Within the records below, reproduce without change the lines from the line that has "Woman in colorful" through the line that has "view of side", and only those.

§ **Data shown**:
Start of Block

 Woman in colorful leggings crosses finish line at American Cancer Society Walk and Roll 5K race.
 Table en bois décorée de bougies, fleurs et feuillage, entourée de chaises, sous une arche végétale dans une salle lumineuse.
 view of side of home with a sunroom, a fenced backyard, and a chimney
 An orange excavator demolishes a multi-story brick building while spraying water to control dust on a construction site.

End of Block
Start of Block

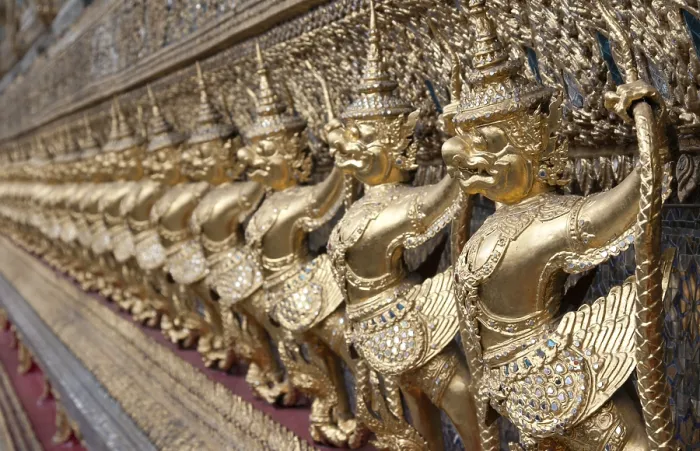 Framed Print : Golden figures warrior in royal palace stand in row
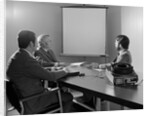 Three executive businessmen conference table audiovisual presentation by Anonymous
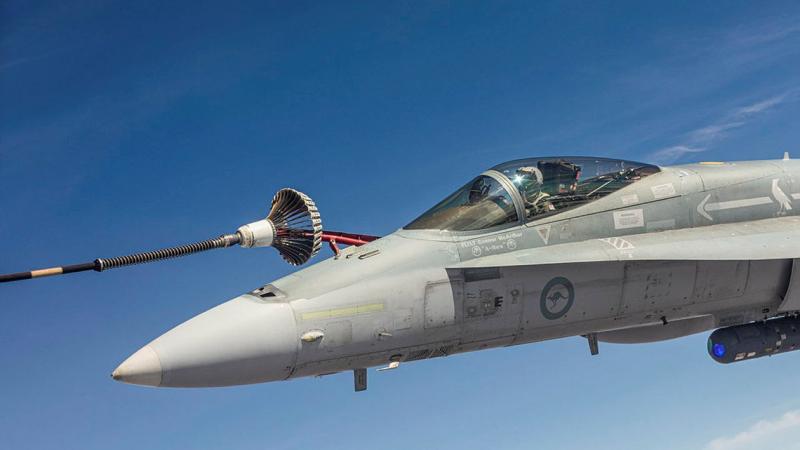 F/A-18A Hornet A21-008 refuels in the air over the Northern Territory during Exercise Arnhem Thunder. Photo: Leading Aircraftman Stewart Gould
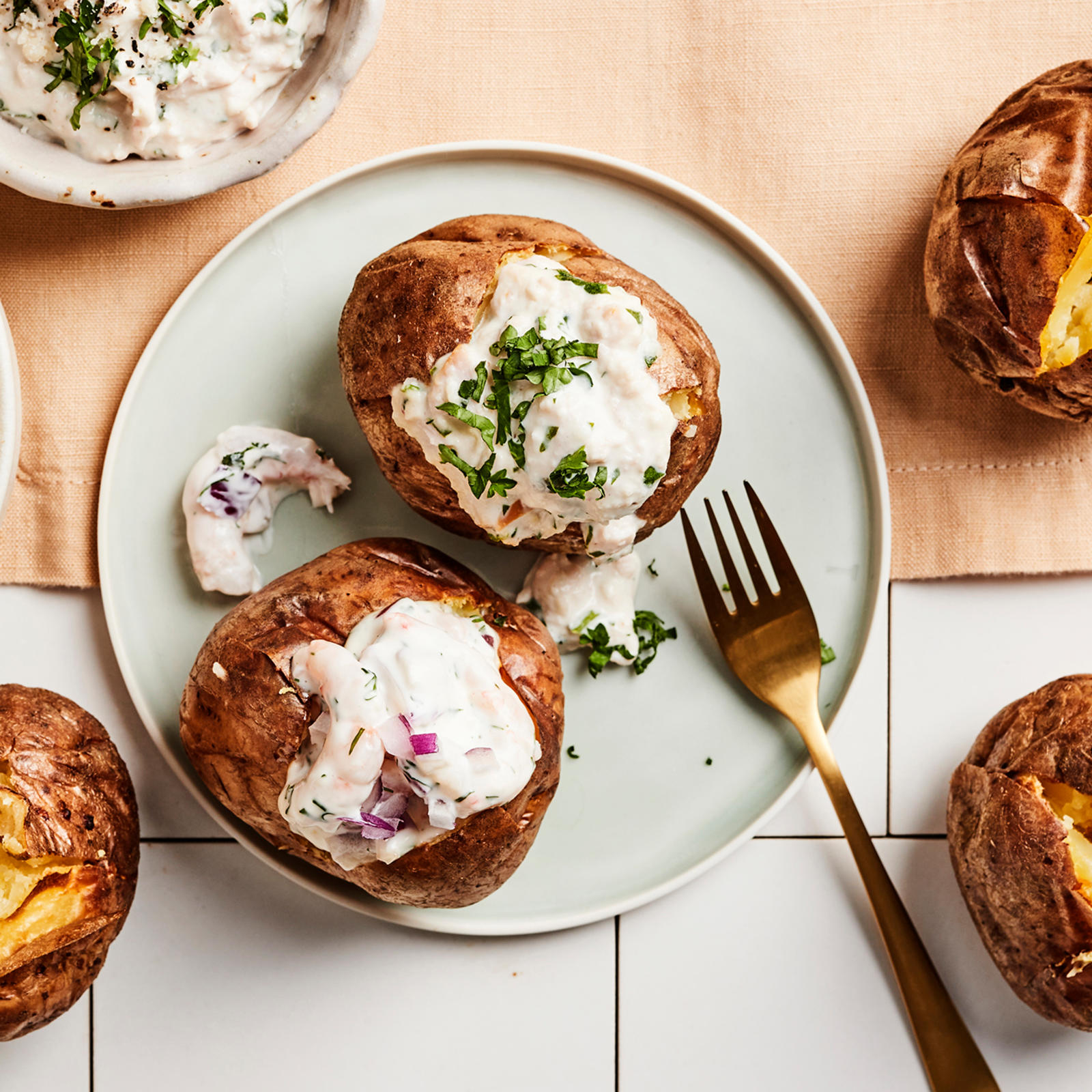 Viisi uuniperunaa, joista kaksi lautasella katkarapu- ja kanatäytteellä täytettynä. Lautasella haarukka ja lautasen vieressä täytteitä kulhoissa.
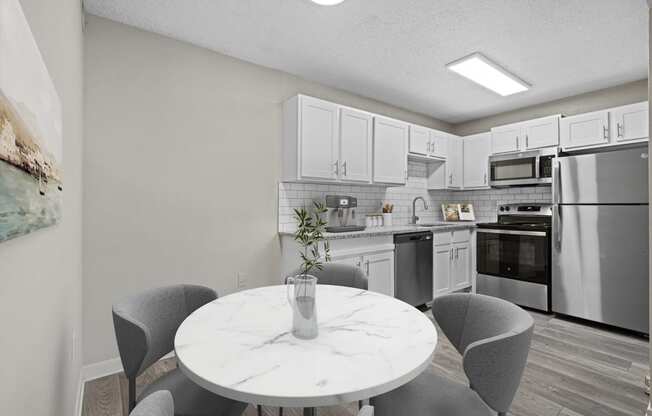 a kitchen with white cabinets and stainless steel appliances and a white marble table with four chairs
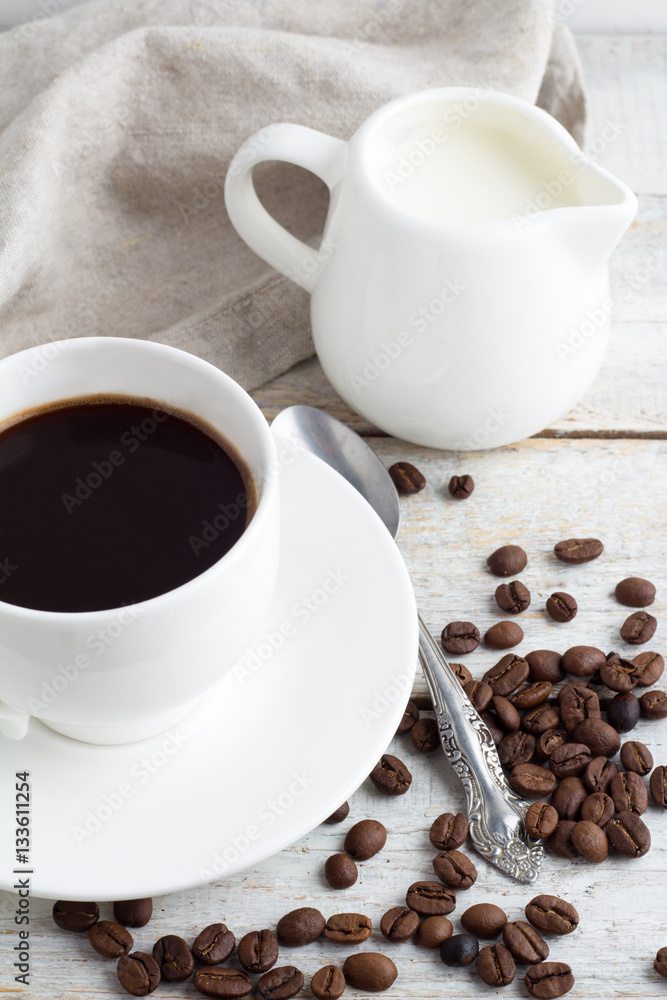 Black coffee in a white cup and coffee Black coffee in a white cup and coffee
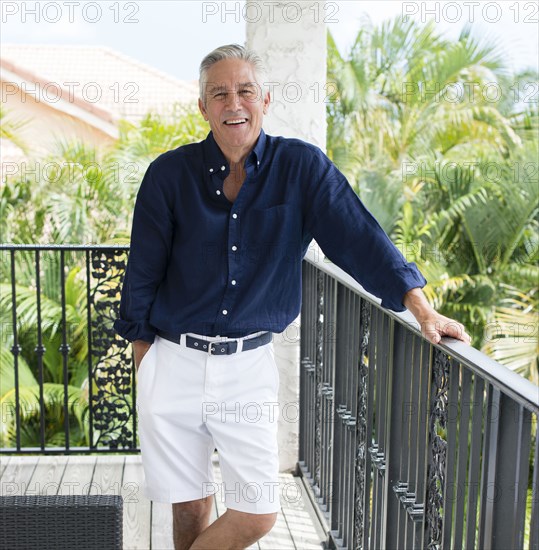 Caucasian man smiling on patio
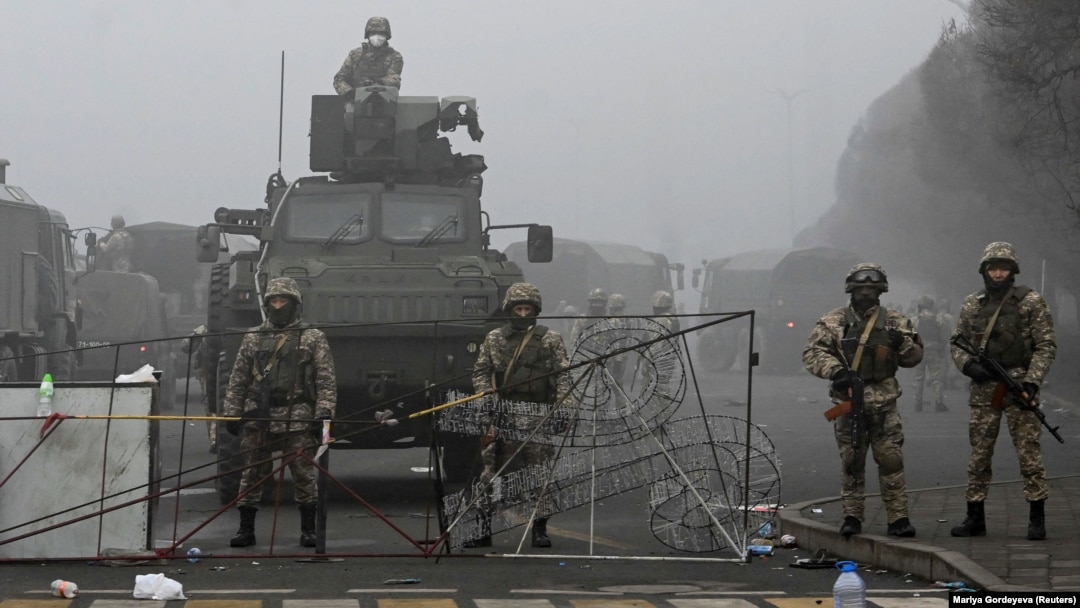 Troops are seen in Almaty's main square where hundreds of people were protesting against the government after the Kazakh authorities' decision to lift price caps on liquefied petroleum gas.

End of Block

§ **The completed task**:
 Woman in colorful leggings crosses finish line at American Cancer Society Walk and Roll 5K race.
 Table en bois décorée de bougies, fleurs et feuillage, entourée de chaises, sous une arche végétale dans une salle lumineuse.
 view of side of home with a sunroom, a fenced backyard, and a chimney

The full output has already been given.